Restate, exactly and without pictures, the lines from the start of the listing below through the line holding "TOYOTA COROLLA AXIO 2016 Image 28".

# # # # # # #

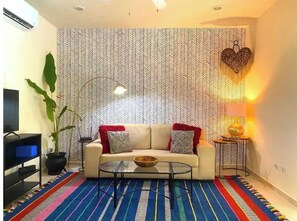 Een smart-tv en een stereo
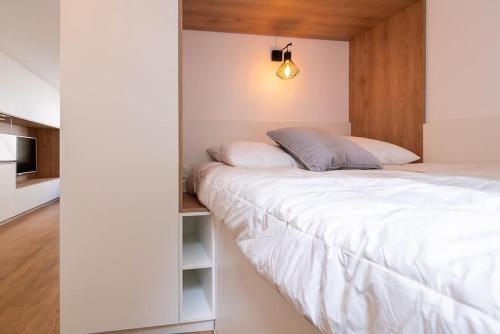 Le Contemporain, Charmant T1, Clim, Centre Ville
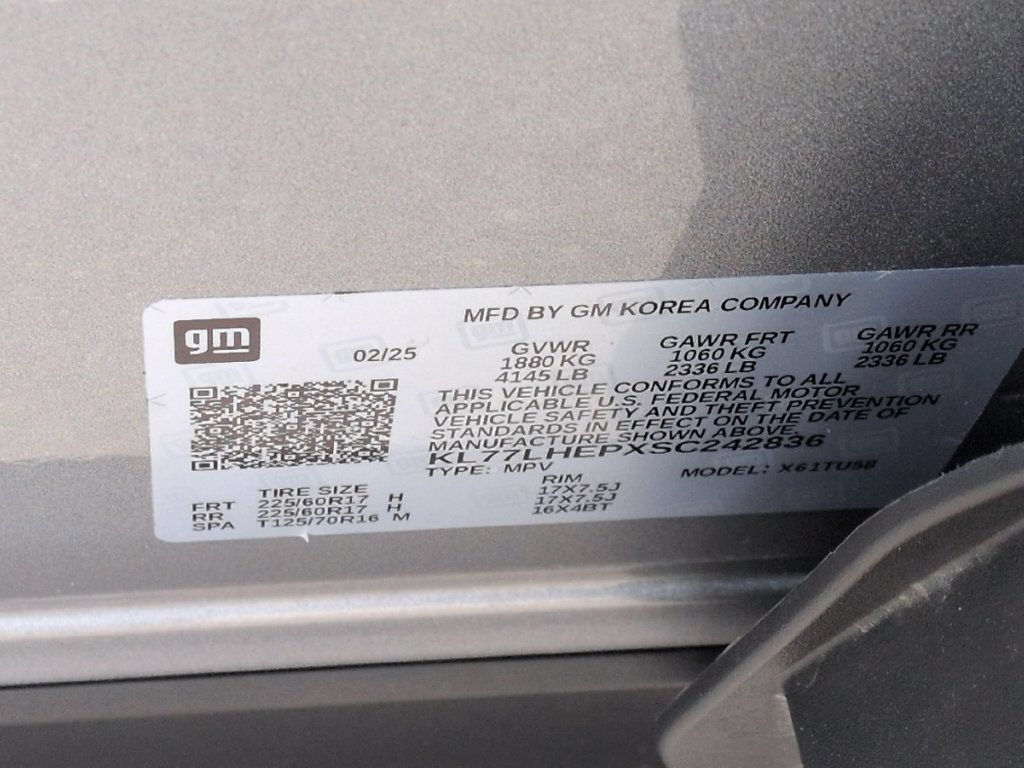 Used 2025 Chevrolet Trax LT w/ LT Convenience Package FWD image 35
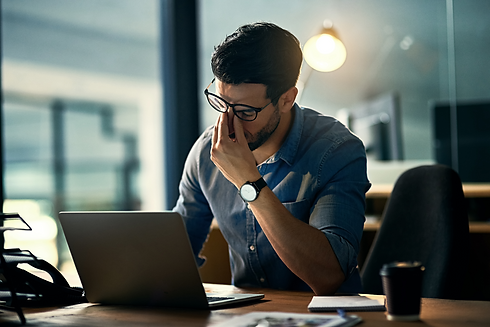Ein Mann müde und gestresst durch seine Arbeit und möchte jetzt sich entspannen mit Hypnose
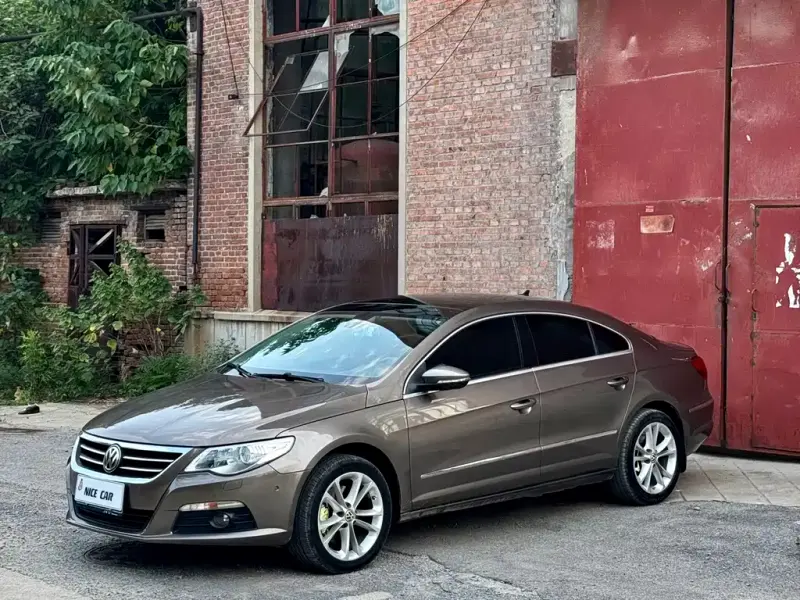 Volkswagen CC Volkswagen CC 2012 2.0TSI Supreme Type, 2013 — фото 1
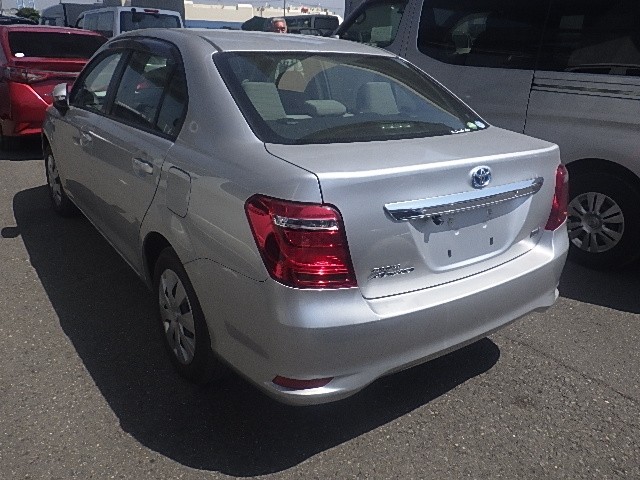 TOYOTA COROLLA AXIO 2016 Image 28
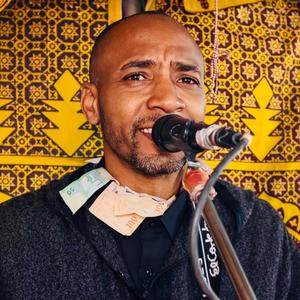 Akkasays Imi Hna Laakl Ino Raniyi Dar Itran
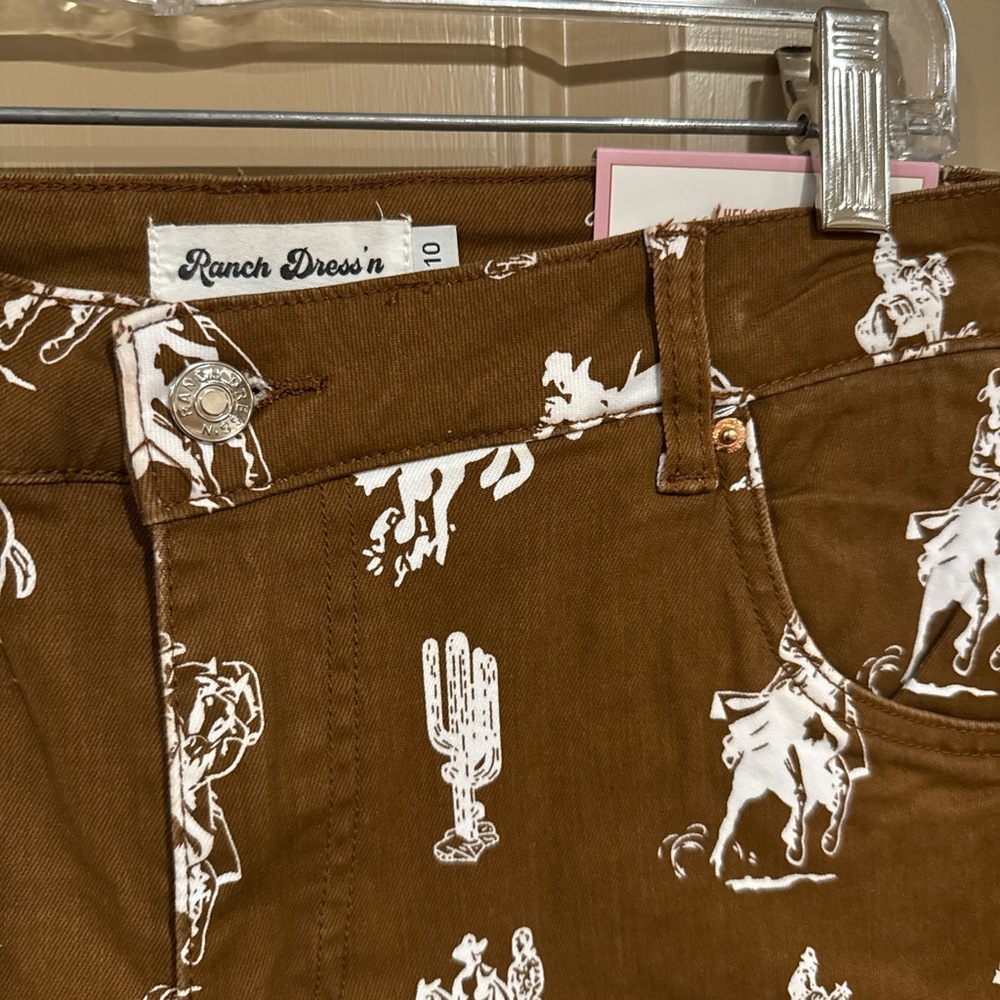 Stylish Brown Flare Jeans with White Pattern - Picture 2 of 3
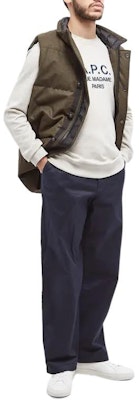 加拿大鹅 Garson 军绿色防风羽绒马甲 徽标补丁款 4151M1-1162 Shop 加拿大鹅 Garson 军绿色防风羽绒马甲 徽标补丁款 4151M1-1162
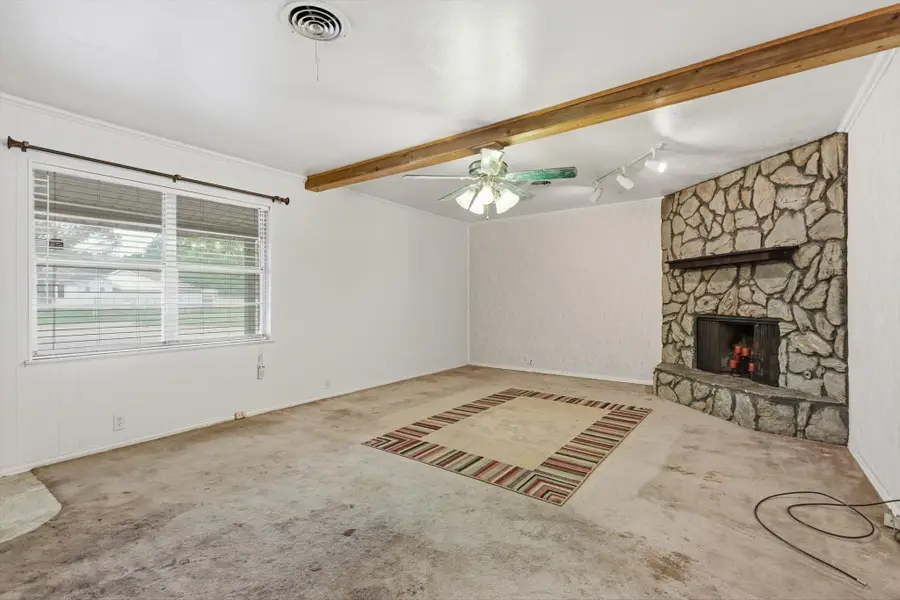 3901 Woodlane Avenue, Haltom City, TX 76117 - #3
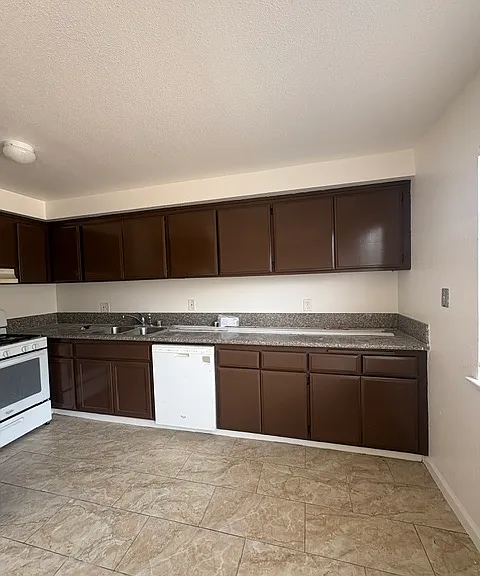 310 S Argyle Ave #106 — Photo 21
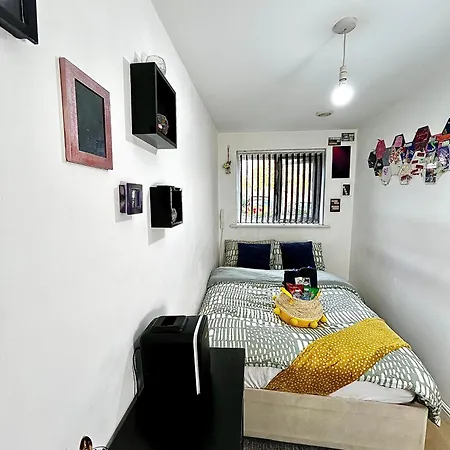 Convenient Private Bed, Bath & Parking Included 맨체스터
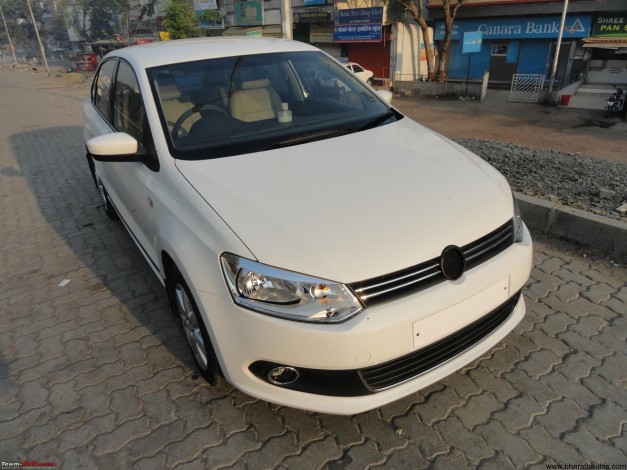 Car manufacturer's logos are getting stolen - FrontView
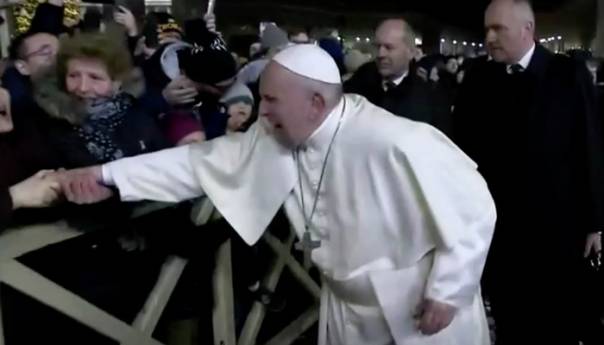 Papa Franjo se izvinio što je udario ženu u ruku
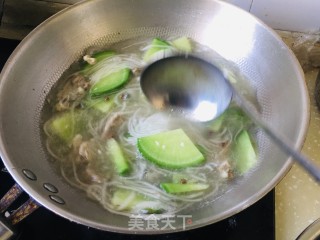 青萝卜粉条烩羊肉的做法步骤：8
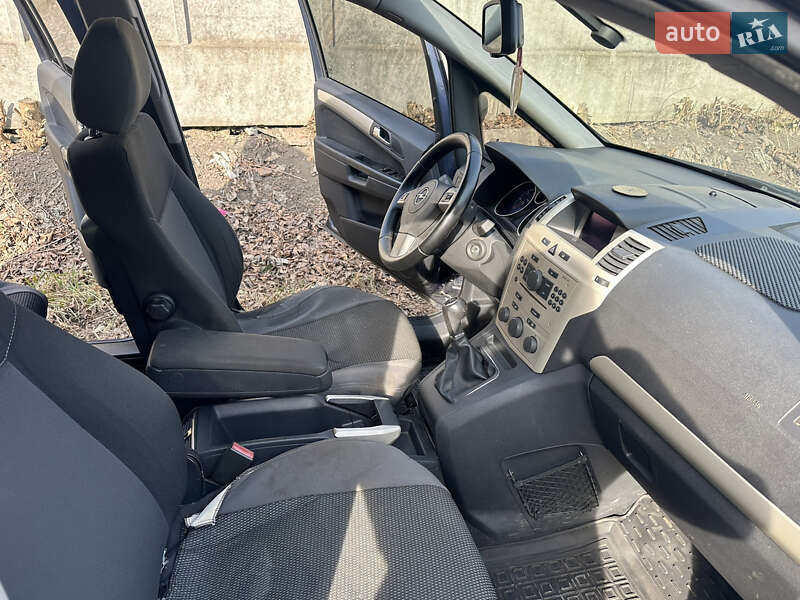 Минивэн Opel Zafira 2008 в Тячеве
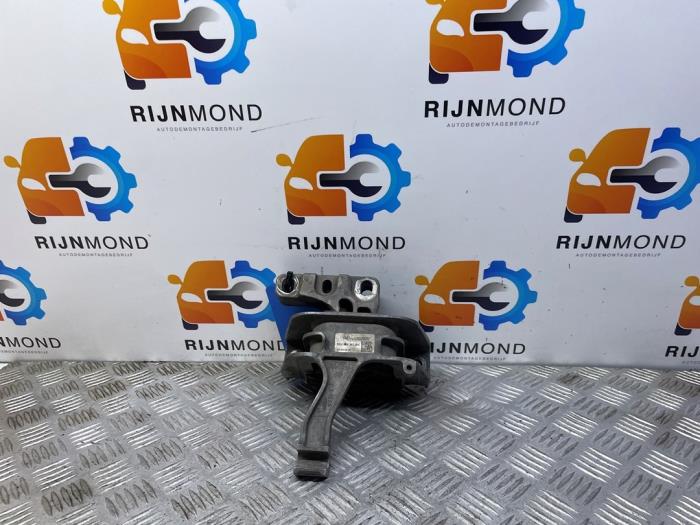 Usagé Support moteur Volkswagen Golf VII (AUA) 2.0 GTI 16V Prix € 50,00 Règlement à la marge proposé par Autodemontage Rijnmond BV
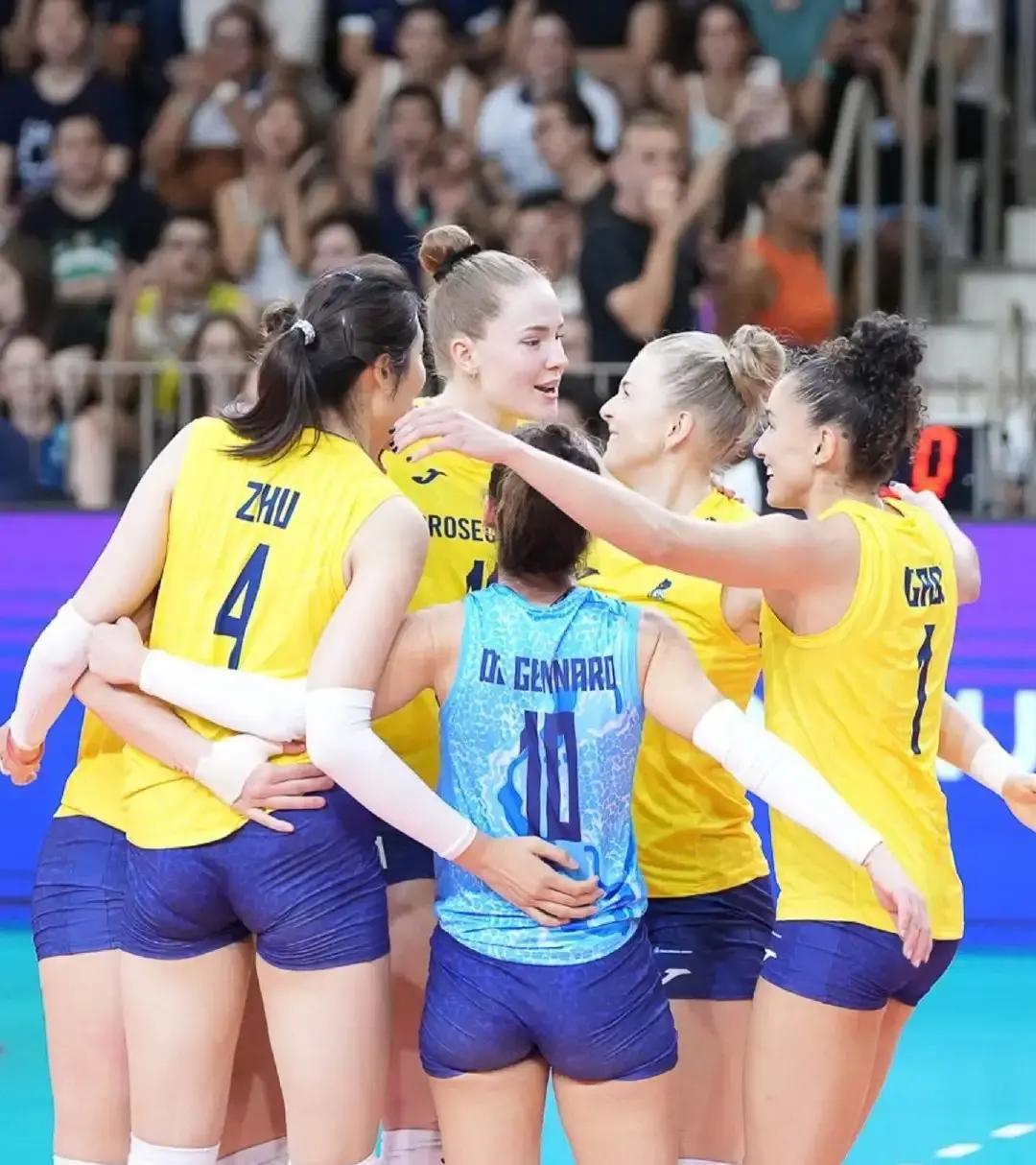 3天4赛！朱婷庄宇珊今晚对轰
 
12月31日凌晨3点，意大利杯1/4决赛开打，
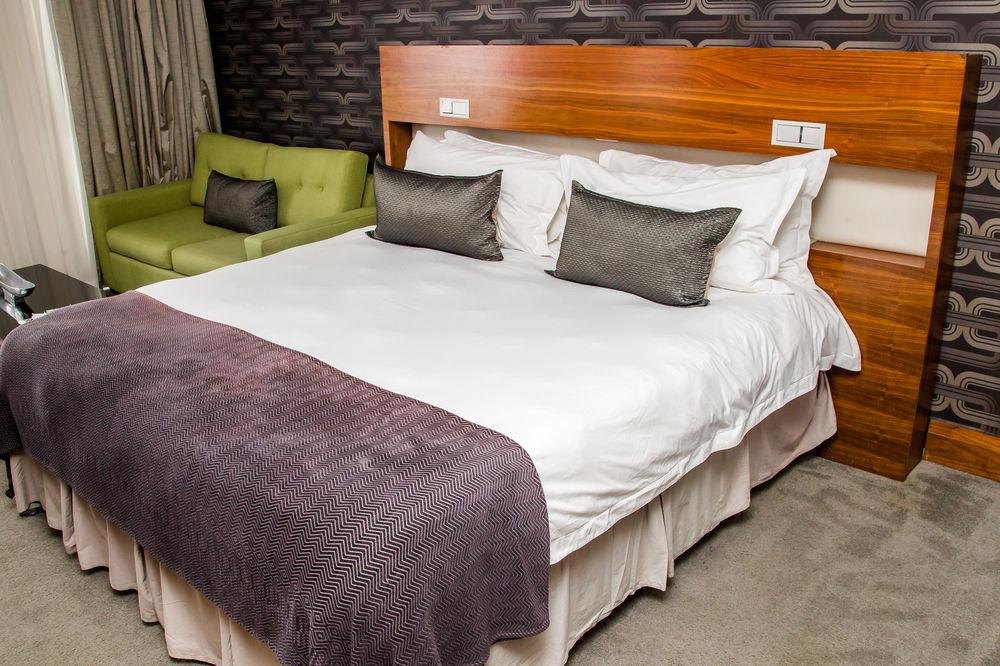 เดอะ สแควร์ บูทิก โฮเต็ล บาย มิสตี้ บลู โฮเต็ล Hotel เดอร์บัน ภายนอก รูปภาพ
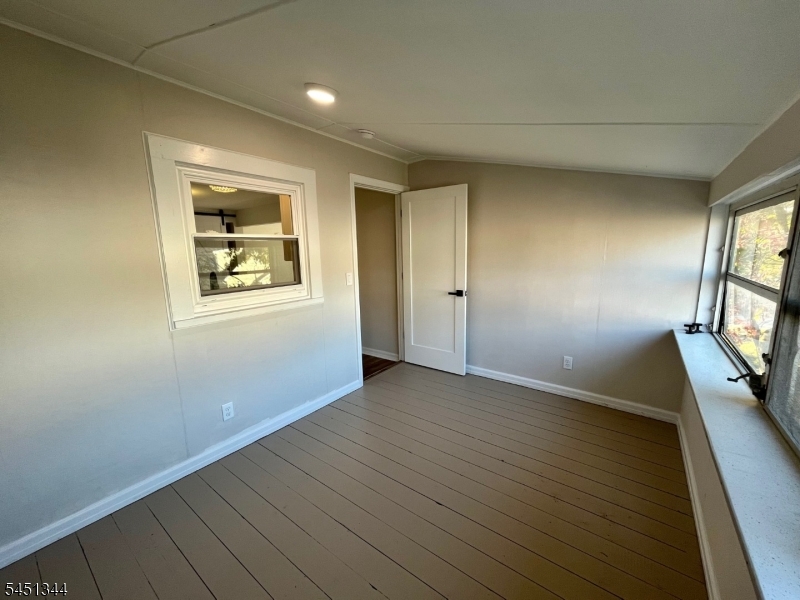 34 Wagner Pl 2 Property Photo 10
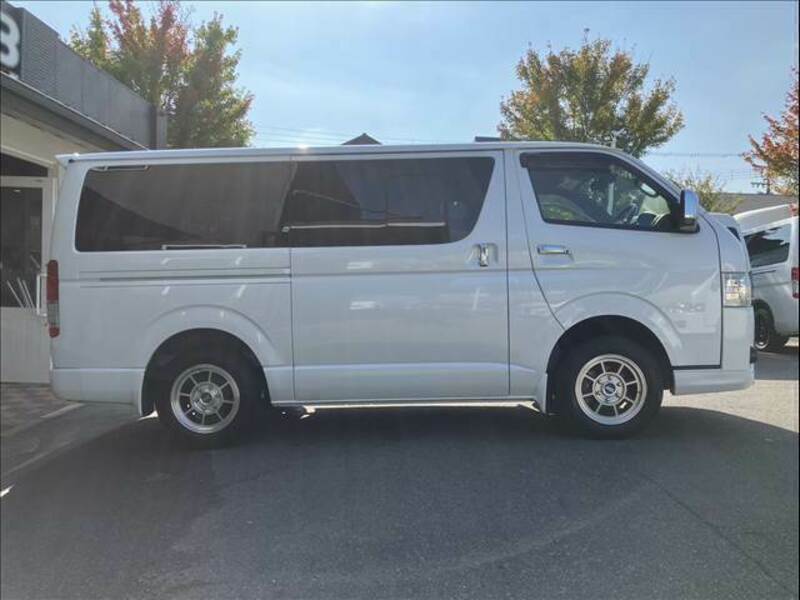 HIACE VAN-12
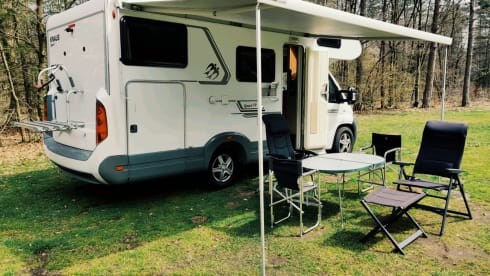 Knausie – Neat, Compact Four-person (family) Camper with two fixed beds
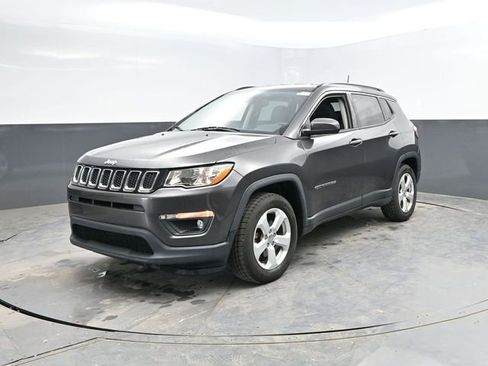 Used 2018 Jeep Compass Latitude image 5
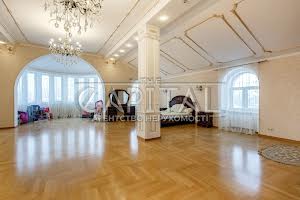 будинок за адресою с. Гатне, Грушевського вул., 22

# # # # # # #

▸ **ANSWER TO THE EXERCISE**:
 Een smart-tv en een stereo
 Le Contemporain, Charmant T1, Clim, Centre Ville
 Used 2025 Chevrolet Trax LT w/ LT Convenience Package FWD image 35
Ein Mann müde und gestresst durch seine Arbeit und möchte jetzt sich entspannen mit Hypnose
 Volkswagen CC Volkswagen CC 2012 2.0TSI Supreme Type, 2013 — фото 1
 TOYOTA COROLLA AXIO 2016 Image 28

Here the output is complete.